Since
the beginning of the twentieth century, pre-election and
election years have greatly outperformed the
post-election and mid-term years. In fact, stock market
performance during the two years leading up to each
election versus the two years following works out to a
ratio of more than 3.5 to 1. Historically, the Dow has
experienced 77.56% of its gains in years three and four
compared to just 22.44% in years one and two of the
Presidential Cycle.
Just
twelve years ago, on July 17, 1995 the Nasdaq Composite
Index closed above the 1,000 mark for the first time
ever. The S&P500 reached the same milestone on February
2, 1998 when the index closed at 1001.27. The next few
years would be good for both with the Nasdaq jumping
more than 400% over the next 56 months to hit a high of
5.132.52 (March 10, 2000) while the SPX added another
50% over the next two years hitting a high of 1,527.46
on March 24. By this point the Dow Industrials had
already seen its best day recorded to that point,
closing at 11,722.98 on January 14.

Figure
1 – Weekly chart of the S&P500 showing the pre-election
and election years (between green dashed lines), the
March 2000 high. The index is still more than 7% below
its all-time high.
Like,
2007, 1999 was a pre-election year which has
historically outperformed the other years in the
four-year election cycle by a wide margin. Election
years are the next best year but 2000 failed to live up
to expectation as both indexes lost ground. It would
prove to be the start of a 2-year bear market that would
see the Nasdaq lose nearly 80% of its value by October
2002 while the SPX was nearly cut in half.
But
true to form, the next two years leading up the
Presidential Election 2004 did not disappoint. March
2003 was the official beginning of a rally that lasted
not only through the next two years but with one major
hiccup, is still in play.
There
were large differences between the two previous
pre-election periods.

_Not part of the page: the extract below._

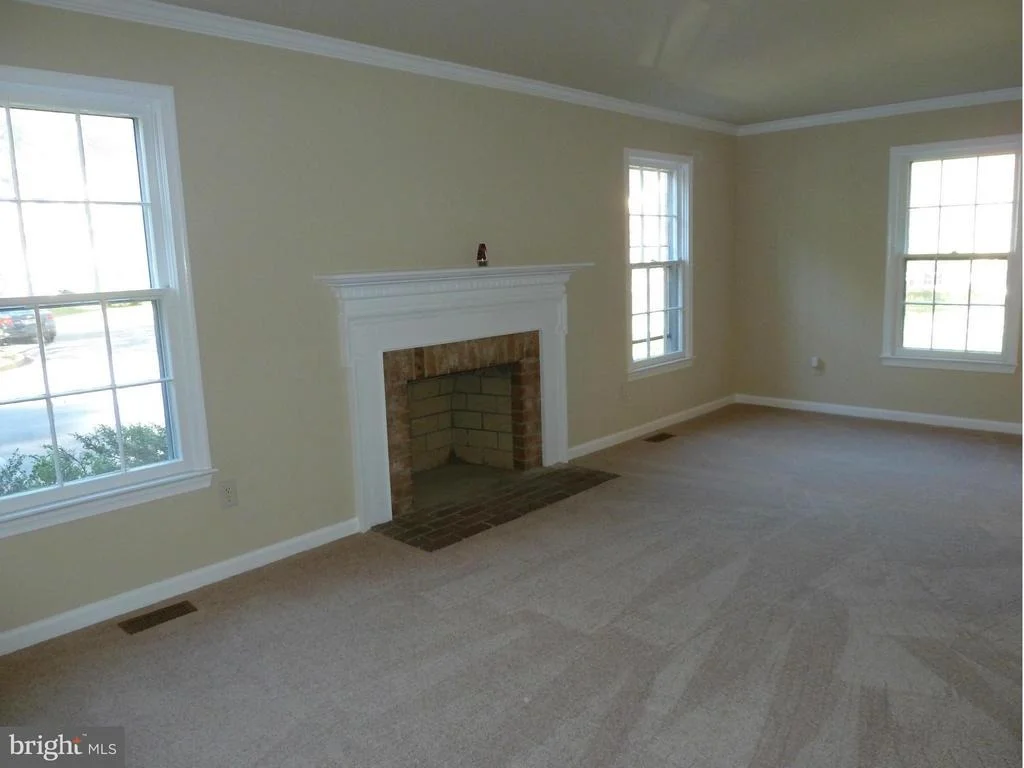 Photo of Unit 25 at 1016 WINDRUSH LANE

In 1999-2000, the market had been
engaged in a bull market for 18 years that was capped
off by an exuberant blow-off rally that pushed indexes
into the stratosphere before they fell off a cliff. The
next pre-election period coincided with the end of the
recession and an ensuing economic recovery. But as we
move into the latest pre-election period, the rally is
getting long in the tooth. The economic recovery is also
facing growing headwinds that include a mortgage bubble
that promises to get worse before it gets better.

Figure
2 – Meanwhile this weekly chart of the Nasdaq Composite
Index showing pre-election and election years (green
dashed lines) is still more than 52% off its all-time
high.
There
is now growing evidence that unlike a hoped for soft
housing landing, sub-prime and alt-A problems are the
tip of an iceberg that will put a much wider group of
homeowners than originally thought under increasing
pressure. In spite of what industry cheerleaders with a
vested interest in keeping optimism alive have been
saying, the news just keeps getting worse. Florida and
California, the two poster child states for housing
price appreciations until last year now lead the country
in foreclosures and record high inventories of unsold
homes. And contrary to what many analysts have regularly
repeated, the problem is not limited to those with shaky
credit histories buying lower priced homes.
It’s no
longer a matter of if but when this problem begins to
seriously impact stock prices. But don’t bet against the
market when there is an election on the horizon. Based
on history, government minions will do their level best
to keep happy faces firmly glued on all they can
influence and the consumer merrily spending as the
election looms. And like just about every other
pre-election period in history, these efforts have so
far been successful.
So how
long can stocks keep the drive alive in the face of the
increasingly powerful downdraft? In 2000, they began to
peter out early in the election year. If the correction
doesn’t come in the fourth quarter this year, it will be
increasingly challenging to keep the market balloon
aloft into mid-2008; that is unless Ben Bernanke makes
good on this treat to throw money out of helicopters.
But as
long as consumers can keep spending at the malls, the
market should keep on rising leading into the next
election. Since inflation is the government’s friend,
there is a good chance that inflation fighting by the
Fed will take a back seat to generating further economic
prosperity and that means interest rates shouldn’t rise
much. However once the election is over, there will be a
lot of tough decisions to be made and if history is any
guide, the markets will begin to take it on the chin.